A veces, sólo los detalles dan cuenta de la dimensión de las cosas. En otras ocasiones, por el contrario, es su reducción a un concepto general lo que define tal sentido. Como es el caso del pacto PP-PSOE para reformar la Constitución. Con este último me quedo.
Que hayan tenido que reaccionar los dos partidos nacionales al unísono para garantizar constitucionalmente el límite de déficit (que no de gasto) es una gran noticia; no por el contenido de la reforma, sino por su carácter simbólico.
Fijar el techo de déficit al Estado lo podía hacer el Gobierno sin más, y hacer cumplir esas mismas reglas a las comunidades autónomas, también. Hay normativa nacional y europea para fijarlo y hacerlo cumplir. Pero, por la experiencia pasada, el Gobierno español no ha tenido autoridad política, ni arrestos para actuar como un verdadero Gobierno de Estado. Su inclusión en la Constitución demuestra la debilidad de los gobiernos nacionales frente a los feudos nacionalistas. Los Gobiernos de PP y PSOE han estado más preocupados por pactar sus cuotas de poder con los nacionalistas que defender los intereses generales de todos los españoles.
El que por fin logren ponerse de acuerdo y saquen adelante una reforma express sin mayor problema, demuestra la inconsistencia de dos tabúes: el pacto es muy sencillo si los dos partidos nacionales anteponen el interés general al partidista; y el poder nacionalista no es tal, si tal interés general transciende la alternancia en el poder de uno y otro.

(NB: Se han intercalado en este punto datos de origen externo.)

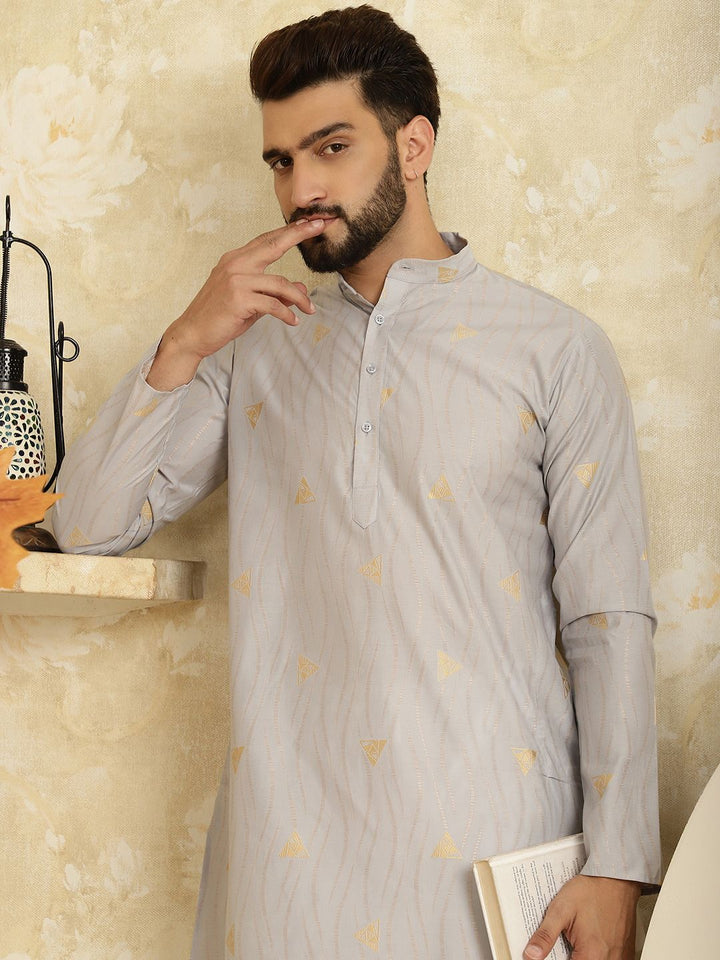 SOJANYA Geometric Woven Design Kurta Lurus Zari dengan Churidar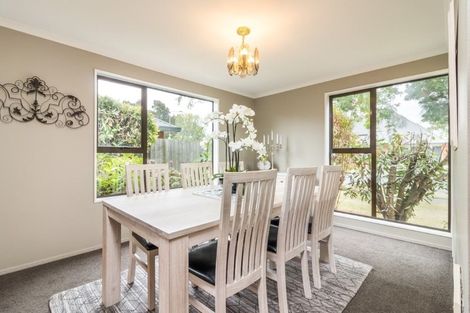 Photo of property in 66 Apsley Drive, Avonhead, Christchurch, 8042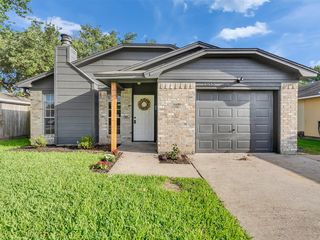 2613 7th Ave N, Texas City, TX 77590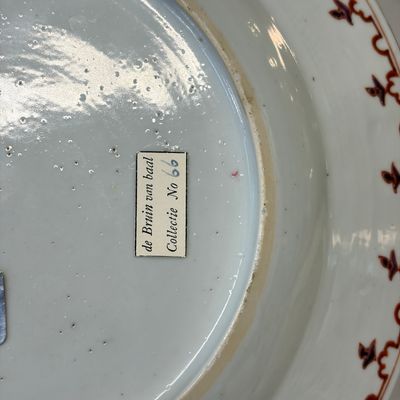 A Chinese famille rose 'arbour' plate after a design by Cornelis Pronk — foto 9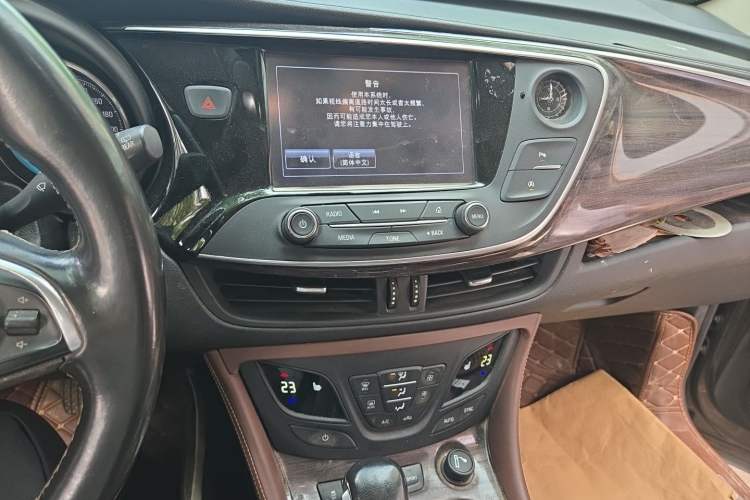 Used Buick Envision 2017 28T Four-Wheel Drive Elite Model Audio And AC Panel
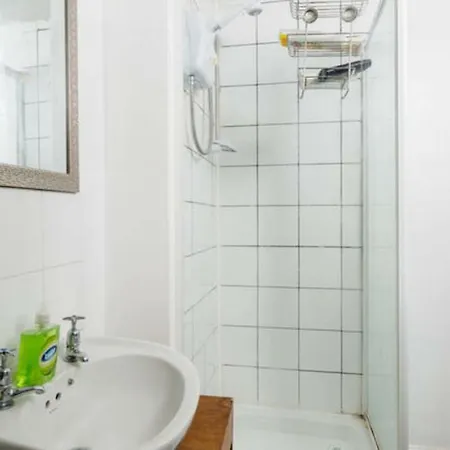 Kelsall Guest house Birmingham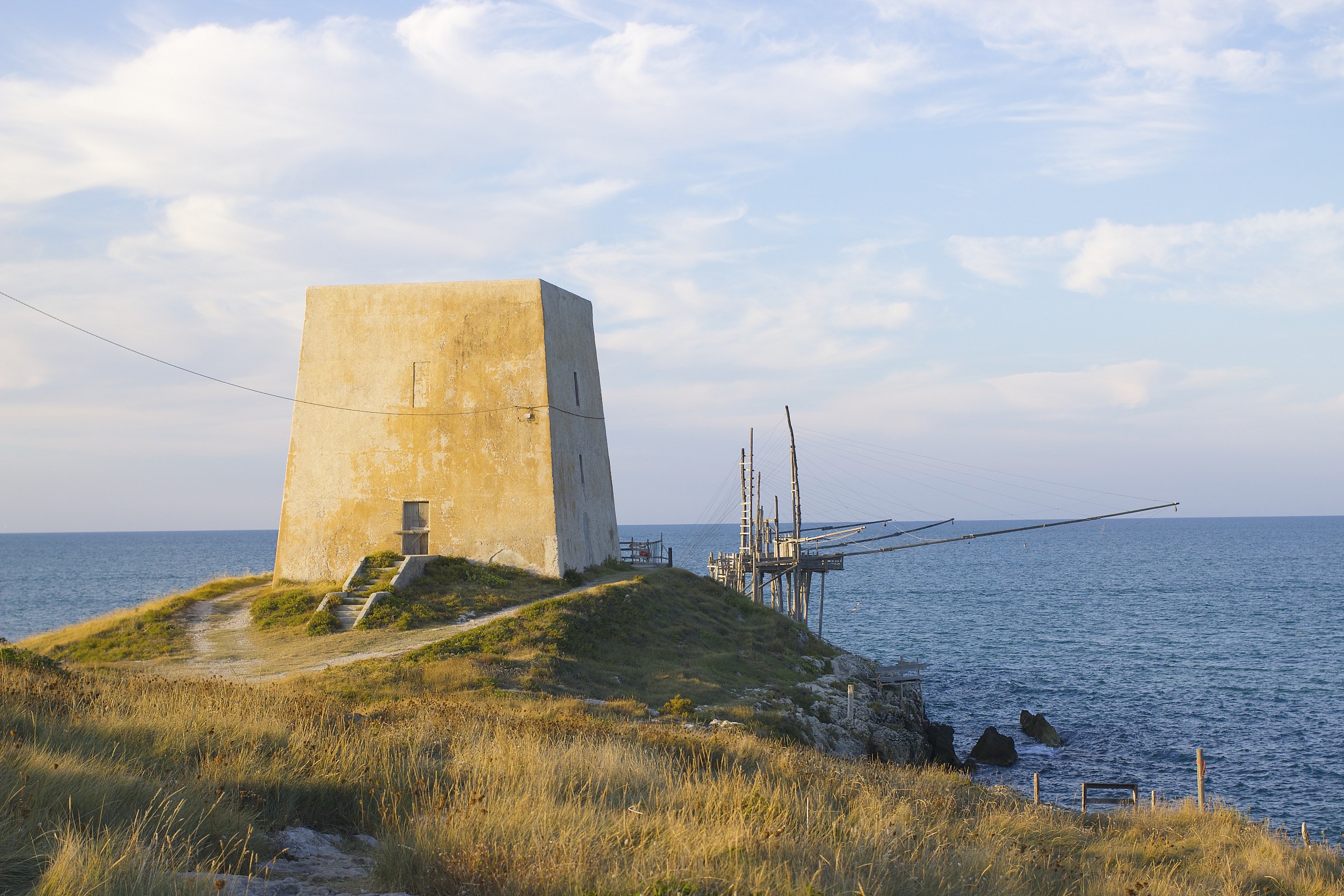 Saracen Tower and Overflow.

Siendo la financiación de la deuda soberana, sin duda, la causa de esa necesidad, es su valor simbólico lo más relevante del acuerdo. Los gestores del separatismo lo han dejado bien claro cuando Duran i Lleida les reprochaba a PP y PSOE que sólo se pongan de acuerdo para "ir en contra" de los nacionalistas.
Efectivamente, todo lo que se haga por el interés general de España, necesariamente irá en contra de los privilegios particulares. Sean de los nacionalistas o de cualquier otra fórmula política para blindar privilegios. Reparen en sus enmiendas.
Inquieta, no obstante, la facilidad para cambiar los fundamentos del Estado sin el sosiego del debate parlamentario y la válvula de seguridad de un referéndum. Ni ha sido la reforma más urgente ni la más imprescindible; tampoco ha sido la fórmula elegida la más pedagógica, ni agosto el mejor mes para llevarla a cabo, pero ha sido. Es democrática, se ajusta a derecho y lanza a los mercados internacionales que España es un Estado solvente y a los mercadillos nacionalistas que España existe. A su pesar.
¿Por qué habríamos de claudicar ante una casta política tan ruin como los caciques del siglo XIX, si toda su participación en la gobernabilidad del Estado está siempre condicionada a obtener privilegios y socavar sus cimientos? ¿Por qué habríamos de aceptar sus propuestas si sus actos incumplen sentencias constitucionales y tienen por fin la construcción de un Estado propio a costa del Estado de todos?
Está bien que los economistas nos impongan sensatez; estaría mejor que nuestros gobernantes ejercieran autoridad nacional para que los forofos del derecho a decidir dejaran de mangonear nuestros intereses. Y reservaran las reformas constitucionales para garantizar una España de ciudadanos y no de tribus.